Agents are becoming capable, but they are context-blind.
The next interface problem is not whether agents can use tools. It is whether normal people can safely use powerful agents with enough context to make good decisions.
Digital context is incomplete
Calendar, email, documents, and tasks explain what someone is doing. They do not explain whether that person is recovered, overloaded, sharp, or depleted.
Health is the first vertical
Wearables already collect the signal. Waldo turns that signal into useful action through readiness, memory, timing, and proactive delivery.
The infrastructure is horizontal
The same harness can later support engineering, legal, finance, coaching, or team workflows by swapping tools, policies, and domain skills.
Waldo feels like an agent that is already watching the right signals.
Morning context
Waldo opens the day with a read on sleep, recovery, workload, and the best window for hard work.
Stress intervention
When stress patterns appear, Waldo alerts gently, explains why, and suggests a small corrective action.
Day planning
Waldo can walk through the plan, propose schedule changes, and ask for approval before acting.
Trust trail
Every observation, action, and suggestion has an audit trail so the user can see what happened and why.
A body-data pipeline feeding a persistent personal agent.
Waldo separates deterministic health computation from agent judgement. Supabase stores and computes trusted data. Cloudflare Durable Objects run the per-user agent brain.
Deterministic first
Raw health values are normalized, scored, and confidence-weighted before the model sees narrative context.
Persistent per user
The agent has durable state, memory, alarms, traces, and scoped tool access across sessions.
Visible trust
The app renders agent-authored cards and threads while exposing memory, approvals, and audit history.
The model is not the product.

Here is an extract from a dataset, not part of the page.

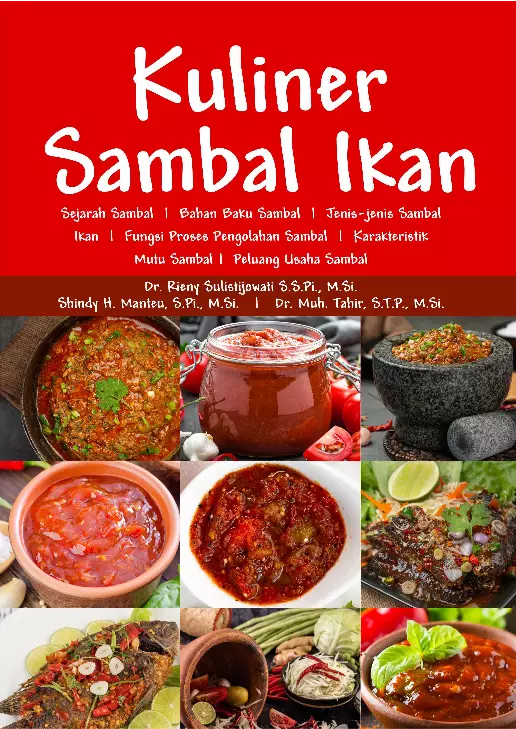 Kuliner Sambal Ikan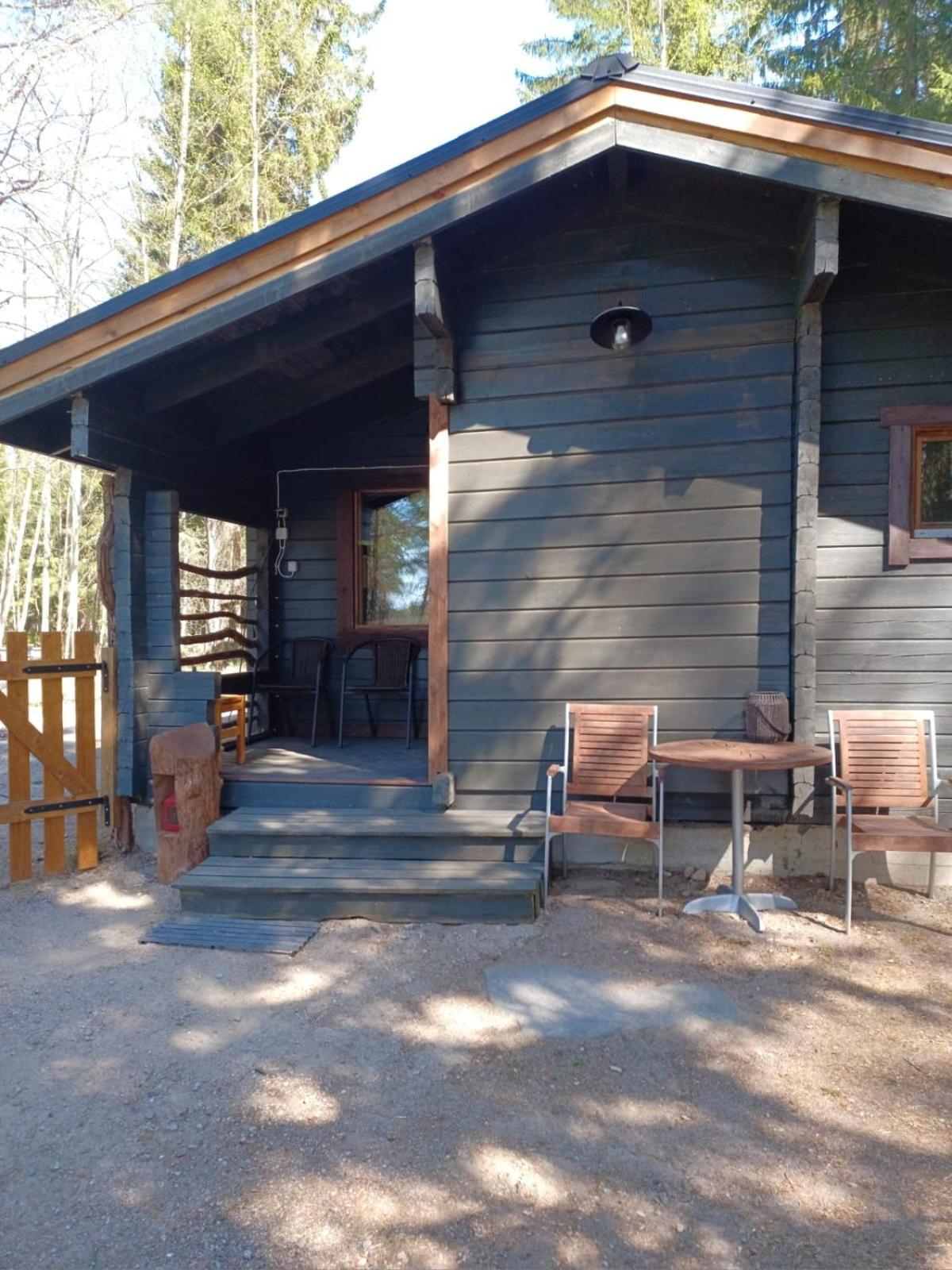 Accommodation And Fishing Vonkale Äänekoski Pokoj fotografie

The harness makes the model useful.
Waldo follows the modern agent-harness pattern: model intelligence wrapped in state, tools, context, orchestration, safety, memory, and verification.
| Harness layer | What Waldo owns | Why it matters |
|---|---|---|
| Context | Form, Recovery, Weight, schedule, active threads, memory snapshot, channel rules | The model reasons from the user's real state, not generic advice. |
| Orchestration | Durable Object alarms, bounded ReAct loop, Handoff continuation, provider routing | The agent can start, pause, resume, and complete long-running tasks. |
| Memory | Facts, events, discoveries, preferences, advice effectiveness, episodes | Waldo becomes more personal without stuffing every detail into prompt context. |
| Tools | Typed tool registry, per-trigger permissions, adapters, MCP, approvals | Capability expands without letting every trigger access every action. |
| Safety | Emergency detection, medical scrub, hallucination guard, canary checks, human approval | Health guidance and proactive actions require deterministic boundaries. |
| Evaluation | Trace replay, WIS, KeepRate, memory evals, cost gates | The system can improve based on evidence, not anecdotes. |
Our harness thesis
As models improve, some planning and verification ability will move into the model. But the product-specific harness will still matter because it defines the user's data boundary, tool permissions, trust model, feedback loop, and user experience. Waldo's harness is specialized around body context and safe proactive action.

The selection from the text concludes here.